Когда-то в Украине был кинематограф. В 70-х годах прошлого столетия работа кипела особенно бурно. В павильонах, помнивших Дзигу Вертова и Александра Довженко, не сквозняк гулял, яко же ныне, а сновали люди, воздух грели софиты, гримерки и монтажки гудели, как улей. И пусть художественные фильмы украинского производства на «Оскар» не номинировались, эфир все же был заполнен собственным продуктом достойного качества. Особенно хороша была анимация и документальное кино. «Врунгеля» и сегодня любо-дорого смотреть, равно, как и многое другое. Мне же вспоминается один научно-популярный фильм по социальной психологии производства 1971 года. Называется фильм «Я и другие». Режиссер — Феликс Соболев из Харькова. Психолог, ставивший эксперименты в кадре — россиянка Валерия Сергеевна Мухина. На лицо — плодотворный союз, иллюстрировавший когда-то популярный лозунг об украино-российской дружбе: «Навеки вместе». В фильме разыгрываются модели социального поведения, приводятся примеры манипуляции сознанием и влияния коллектива на личность. Очень отрезвляющее зрелище. В сети фильм есть, и пытливый зритель без особых трудов найдет его при желании. А я вам напою Карузо на кухне, как умею.

Было у отца два сына

С этих слов может начинаться сказка, может — библейская притча. В ответ на веление отца идти и работать в винограднике, один сын говорит «иду», но не идет. А другой говорит «не пойду», но потом, раскаившись, идет и работает. И в притче о блудном сыне оба брата противостоят друг другу, как ночь и день. Младший обижает отца и губит свою часть имения, а старший верно и неотлучно служит родителю, но нет в нем ни любви, ни жалости, а одна только обида и зависть. Так получается, что куда ни глянь, если есть два брата, то отношения между ними драматичны и противоречивы. Каин поднимает руку на Авеля, Иаков крадет у Исава первородство, Фарес и Зара устраивают борьбу в утробе Фамари за право родиться первым. И если смотреть на дело с библейской точки зрения, то вряд ли захочется лепить «братство» вместе с «равенстовм» и «свободой» внутри одного революционного лозунга.

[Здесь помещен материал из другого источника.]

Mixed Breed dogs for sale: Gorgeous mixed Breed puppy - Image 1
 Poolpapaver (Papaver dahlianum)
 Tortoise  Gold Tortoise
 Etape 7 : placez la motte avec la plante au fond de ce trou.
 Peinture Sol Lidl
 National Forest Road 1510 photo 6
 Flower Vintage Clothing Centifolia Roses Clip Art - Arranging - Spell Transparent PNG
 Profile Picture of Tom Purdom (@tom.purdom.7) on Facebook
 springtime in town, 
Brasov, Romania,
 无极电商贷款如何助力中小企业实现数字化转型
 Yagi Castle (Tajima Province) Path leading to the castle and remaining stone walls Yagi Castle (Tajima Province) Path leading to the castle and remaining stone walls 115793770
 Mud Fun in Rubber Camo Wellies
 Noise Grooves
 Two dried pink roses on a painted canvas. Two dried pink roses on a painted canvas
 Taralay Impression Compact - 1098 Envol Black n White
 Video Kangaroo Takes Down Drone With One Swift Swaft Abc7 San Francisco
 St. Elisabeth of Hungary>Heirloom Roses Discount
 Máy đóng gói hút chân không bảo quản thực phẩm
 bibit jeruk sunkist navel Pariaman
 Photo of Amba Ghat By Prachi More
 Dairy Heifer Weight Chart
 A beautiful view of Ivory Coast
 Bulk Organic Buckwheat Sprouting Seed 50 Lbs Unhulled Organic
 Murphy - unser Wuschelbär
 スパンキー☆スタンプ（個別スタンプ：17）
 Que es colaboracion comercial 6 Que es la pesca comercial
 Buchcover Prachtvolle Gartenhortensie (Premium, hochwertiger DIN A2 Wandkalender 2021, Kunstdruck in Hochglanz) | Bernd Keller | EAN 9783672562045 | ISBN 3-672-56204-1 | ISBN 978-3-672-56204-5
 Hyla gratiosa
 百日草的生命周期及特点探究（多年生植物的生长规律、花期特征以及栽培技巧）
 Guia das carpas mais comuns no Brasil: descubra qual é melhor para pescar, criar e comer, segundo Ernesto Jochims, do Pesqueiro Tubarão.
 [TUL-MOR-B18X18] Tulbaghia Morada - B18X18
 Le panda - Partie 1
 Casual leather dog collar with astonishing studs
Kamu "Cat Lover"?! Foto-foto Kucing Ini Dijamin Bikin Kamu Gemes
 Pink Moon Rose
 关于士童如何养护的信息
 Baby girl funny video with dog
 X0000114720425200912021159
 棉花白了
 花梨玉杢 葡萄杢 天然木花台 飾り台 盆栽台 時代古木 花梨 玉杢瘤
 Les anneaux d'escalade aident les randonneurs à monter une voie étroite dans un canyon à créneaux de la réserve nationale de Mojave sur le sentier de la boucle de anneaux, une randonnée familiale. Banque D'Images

Было два сына и у того отца, которого яркими красками написал незабвенный Гоголь. Разумеем Тараса Бульбу и детей его — Остапа и Андрея. Эти двое тоже антагонисты под стать библейским. Одна у них кровь, одна утроба их выносила, на одной лавке в бурсе они выслушивали уроки, сдобренные тумаками, но разные у них характеры и судьбы. А обратить на это внимание стоит потому, что написанное Гоголем не есть «слова, слова...», а работа с глубинными архетипами, действующими на больших исторических просторах.